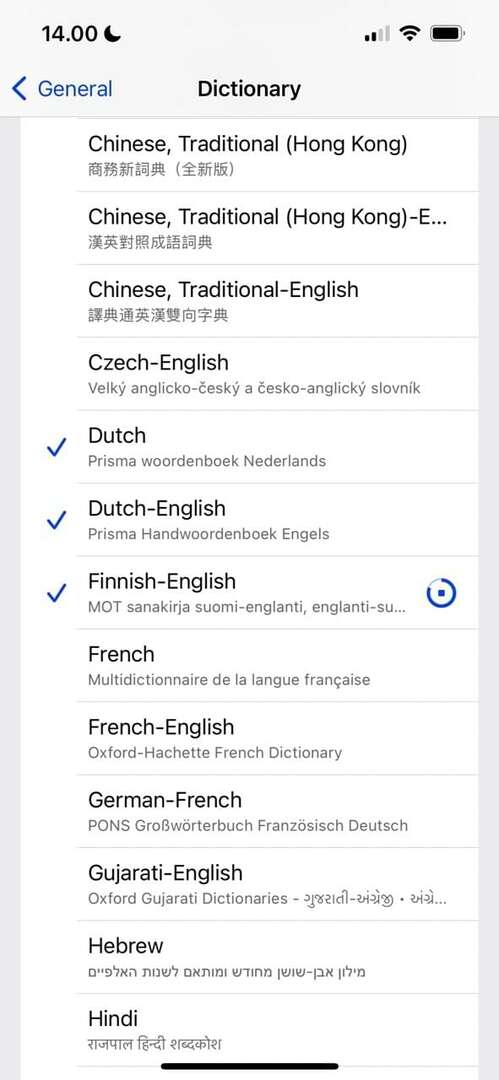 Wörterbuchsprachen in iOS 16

---

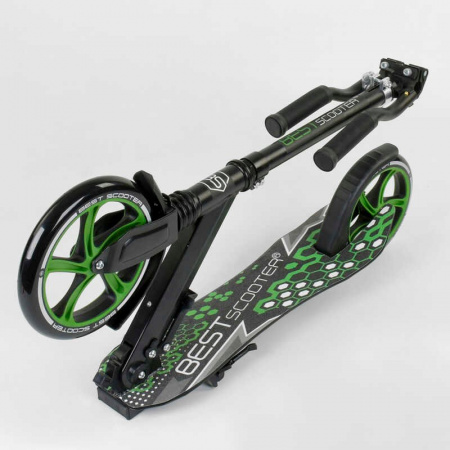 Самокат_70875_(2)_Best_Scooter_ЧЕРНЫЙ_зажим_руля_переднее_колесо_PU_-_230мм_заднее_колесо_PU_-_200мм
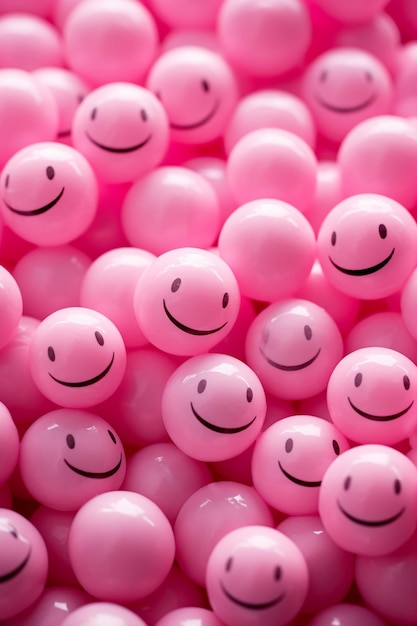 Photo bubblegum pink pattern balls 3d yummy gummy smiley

YOUR GOAL –
Your answer must be the lines above from the one holding "Самокат_70875_" up to and including the one holding "Photo bubblegum pink", exact and with no pictures.

RESPONSE AREA –
 Самокат_70875_(2)_Best_Scooter_ЧЕРНЫЙ_зажим_руля_переднее_колесо_PU_-_230мм_заднее_колесо_PU_-_200мм
 Photo bubblegum pink pattern balls 3d yummy gummy smiley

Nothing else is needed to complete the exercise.